When you are conducting a classification analysis, you need to make sure the criterion is stored as a factor. This tells the function you are doing classification instead of regression. So before doing anything, do this for both the training and test datasets. Here’s how to do it for the heartdisease datasets:

# Convert the diagnosis column to a factor

heartdisease_train <- heartdisease_train %>%
  mutate(diagnosis = factor(diagnosis))

heartdisease_test <- heartdisease_test %>%
  mutate(diagnosis = factor(diagnosis))

In this task, you’ll create the best possible model to predict whether or not a person is having a heart attack. These the training data is stored in heartdisease_train and the test data is stored in housedisease_test. The variable you are trying to predict is diagnosis!

  1. Follow Steps 1 through 3 above in the Modelling Procedure section above, to create your best decision tree model predicting diagnosis. Call the model rpart_diagnosis

  2. Do the same with random forests using method = "rf". Call the model rf_diagnosis

  3. Do the same with nearest neighbors using method = "knn". Call the model knn_diagnosis

  4. Make sure you have explored each of your models!

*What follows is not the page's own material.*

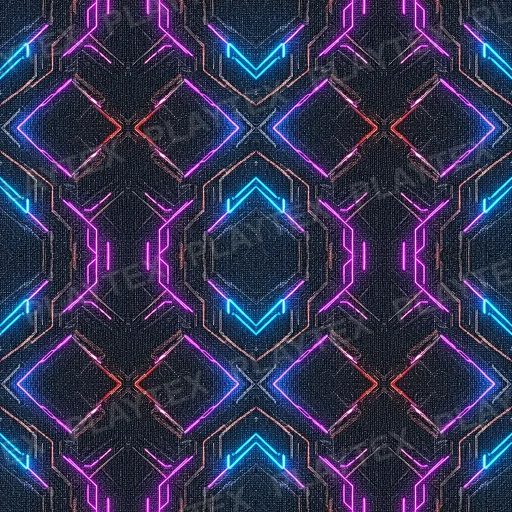 Teal Sci Fi Ornate Fabric Texture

  5. Follow steps 4 and 5 to see which model did the best in predicting house_test$price

  6. Which of the three models was the best at predicting diagnosis? Were they very different? Is one easier to interpret than the other?

  7. Go to http://topepo.github.io/caret/available-models.html and find the craziest looking model you can find that works for classification tasks. Then, try it on the heartdisease dataset and see how well it works! Does it do much better than the models you already tried?

  8. Repeat your analyses, but now train your models using 10 fold cross validation by specifying trainControl(method = "cv", number = 10, repeats = 1). After you do so, be sure complete the remaining steps to fit the model using train() and evaluate its prediction performance.

  9. How do the accuracy of the models change when you use 10 fold cross validation? Do they become more accurate when you use 10 fold cross validation compared to when you didn’t?

D - Classification with attrition

  1. Try creating your best model to predict whether or not an employee will leave his/her job with the attrition_train dataset. The variable you want to predict is Attrition! Use all of the techniques you have learned so far!